On 1/10/2018 8:15 μμ, Ryan Sleevi via dev-security-policy wrote:
On Mon, Oct 1, 2018 at 9:21 AM Dimitris Zacharopoulos <[email protected]>
wrote:

[...]


I am certainly not suggesting that CAs should put inaccurate and
misleading information in certificates :-) I merely said that if the
Subscriber introduces misleading or inaccurate information in certificates
via a reliable information source, then there will probably be a trail
leading back to the Subscriber. This fact, combined with the lack of clear
damage that this can cause to Relying Parties, makes me wonder why doesn't
the Subscriber, that wants to mislead Relying Parties, just use a DV
Certificate where this probably doesn't leave so much evidence tracing back
to the Subscriber?

"The lack of clear damage" - I'm not sure how better to communicate, since
we're discussing fundamental damage to the value that OV and EV are said to
provide. The only way we can say "lack of clear damage" is to say that OV
and EV are worthless - otherwise, it's incredibly damaging.

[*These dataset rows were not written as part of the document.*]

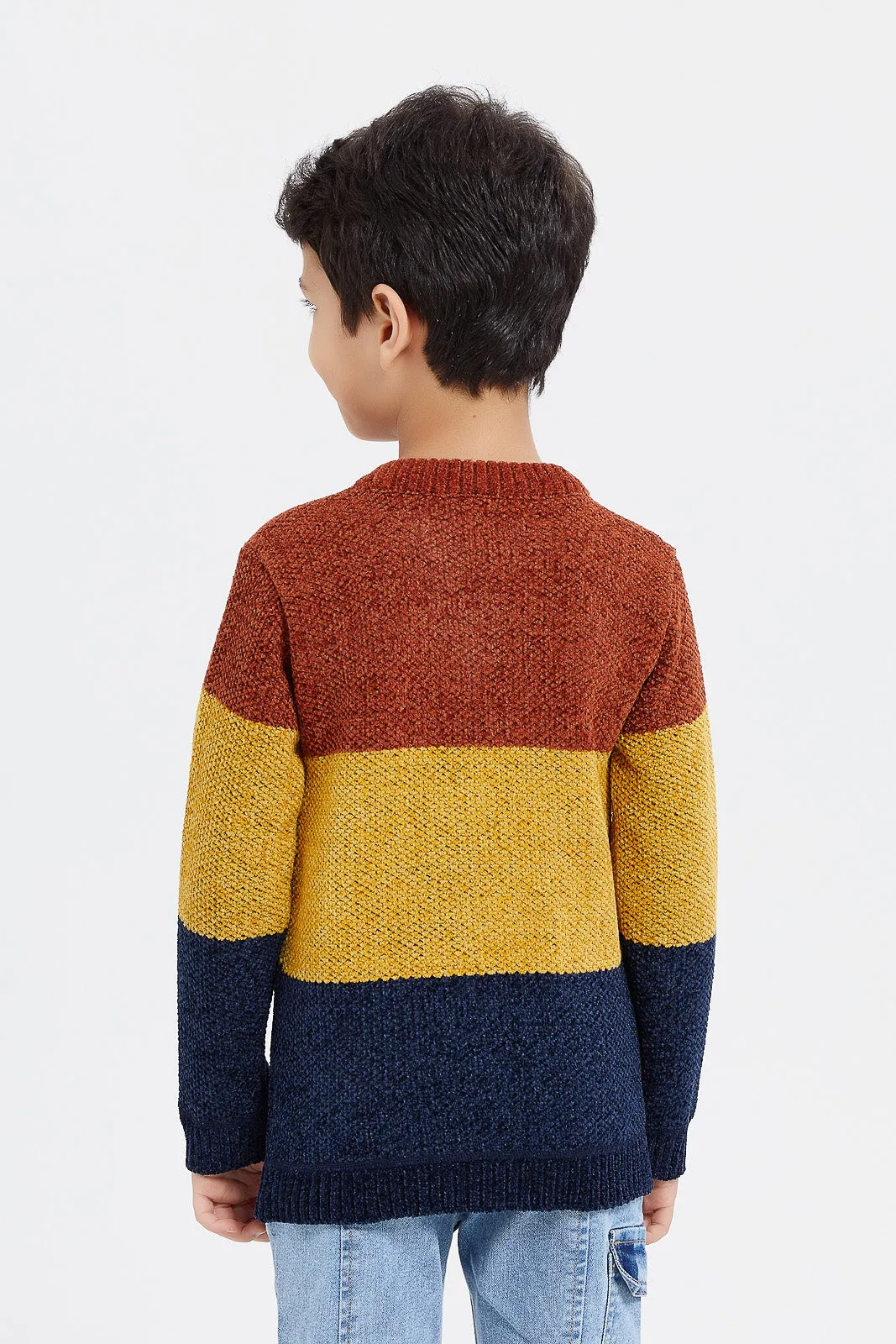 Boys Assorted Chenille Color Block Bonded Jumper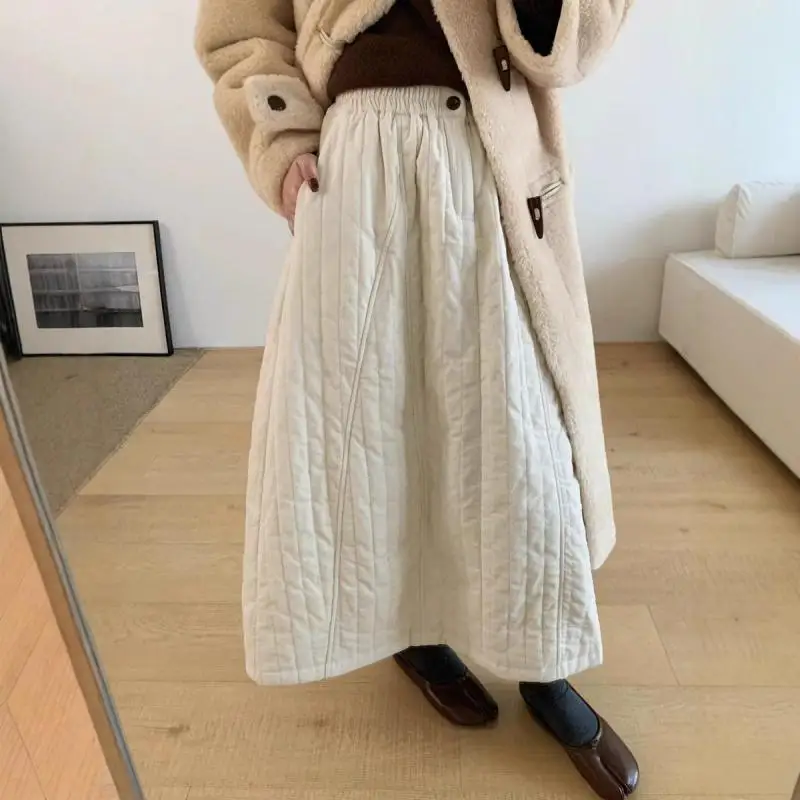 Korean Casual Women's Half Skirt Japanese Retro Girl Thick Skirt Autumn and Winter New Spicy Girl Flower Bud Skirt Sweet Lovely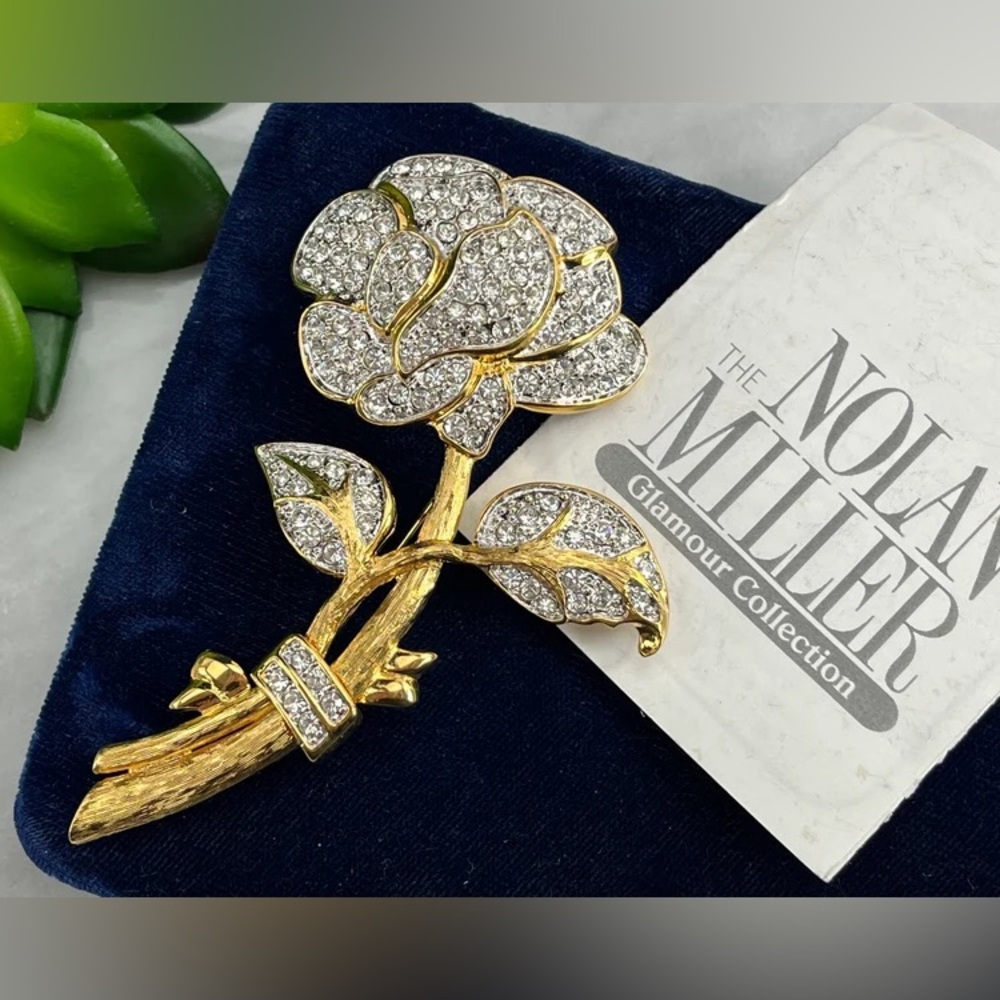 Authentic Rhinestone Rose Brooch - Picture 4 of 6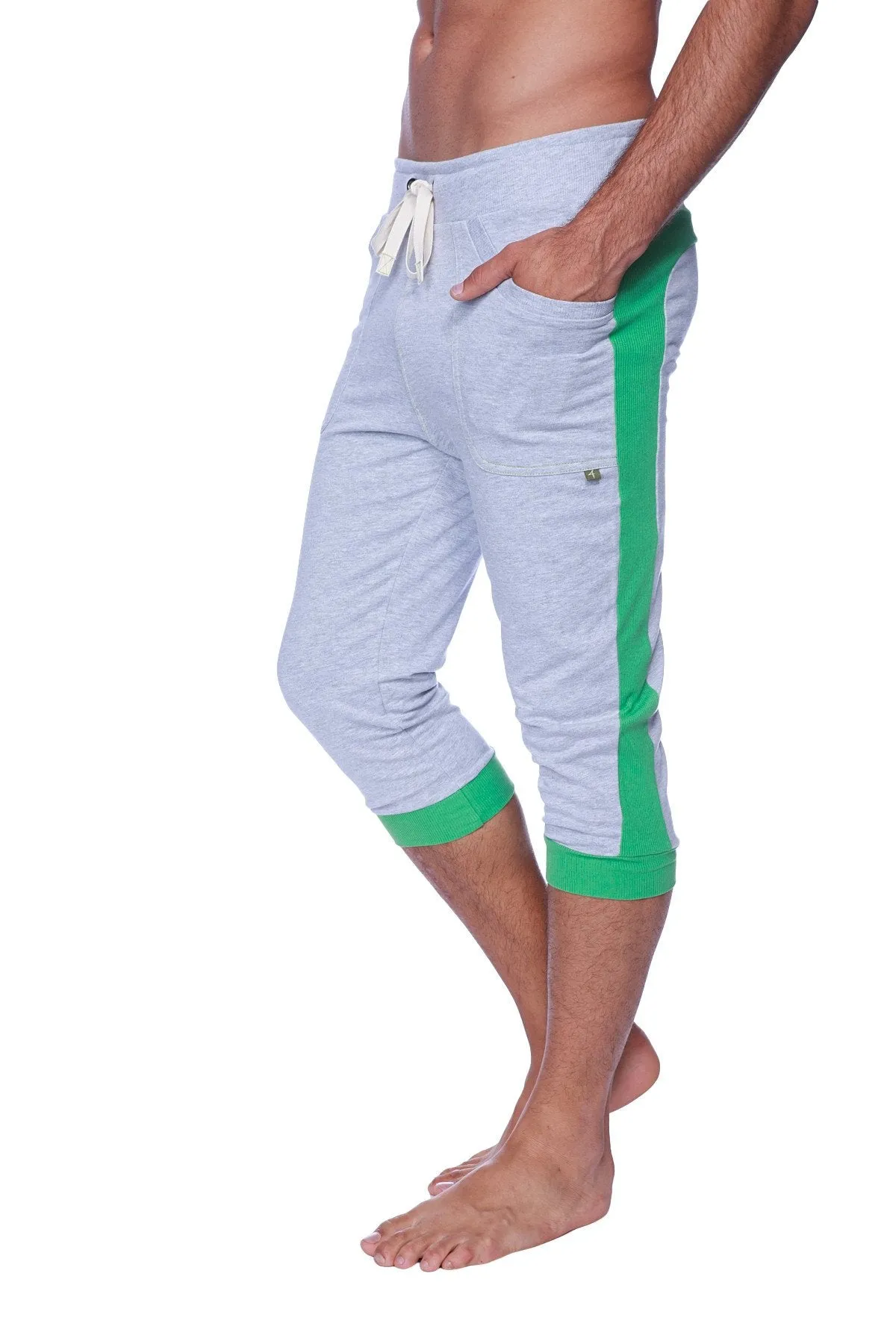 Mens Cuffed Yoga Pants (Heather Grey w/GREEN)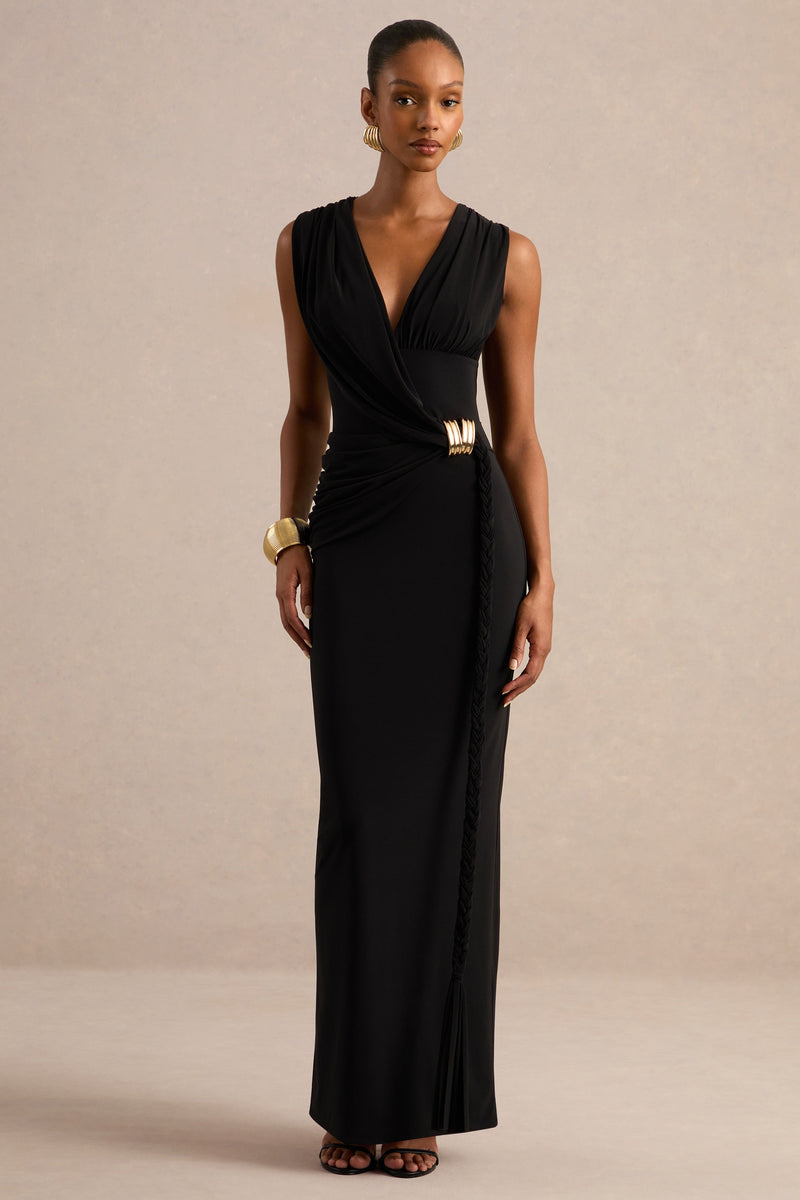 Nalina | Vestido maxi negro con escote pronunciado, detalle fruncido y detalle dorado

I'm actually still waiting for Ian to elaborate if the "attack" was just the insertion of an intentionally wrong address in an EV Certificate or if he was attempting something else. Although his attempt failed (no Certificate was issued with that wrong Street Address), I consider the discussion that followed very useful (at least to me).

For this particular case though, a Company's righful owner or Legal Representative can file for an address change to a government registry and I am not aware about what additional verification (if any) is performed by the government. We must have something to compare this process to, in order to establish what is "reasonably verified".


I have no idea where the notion of 'tracability' comes from, or why that's
relevant. It again seems to be anchoring on getting a certificate for the
real cloudflare.com or stripe.com, which is not the discussion. We're
talking about "confusing" a user (or subscriber or relying party or threat
monitoring system) by suggesting that the certificates being issued are
'benign' or 'authorized'.


Yes, it's clear that this is a follow-up discussion of https://groups.google.com/forum/#!searchin/mozilla.dev.security.policy/stripe%7Csort:date/mozilla.dev.security.policy/NjMmyA6MxN0/1cC9IrwjCAAJ. Sorry for the confusion.

But this inaccurate data is not used in the validation process nor
included in the certificates. Perhaps I didn't describe my thoughts
accurately. Let me have another try using my previous example. Consider an
Information Source that documents, in its practices, that they provide:


    1. the Jurisdiction of Incorporation (they check official government
    records),
    2. registry number (they check official government records),
    3. the name of legal representative (they check official government
    records),
    4. the official name of the legal entity (they check official
    government records),
    5. street address (they check the address of a utility bill issued
    under the name of the legal entity),
    6. telephone numbers (self-reported),
    7. color of the building (self-reported).

The CA evaluates this practice document and accepts information 1-5 as
reliable, dismisses information 6 as non-reliable, and dismisses
information 7 as irrelevant.

Your argument suggests that the CA should dismiss this information source
altogether, even though it clearly has acceptable and verified information
for 1-5. Is that an accurate representation of your statement?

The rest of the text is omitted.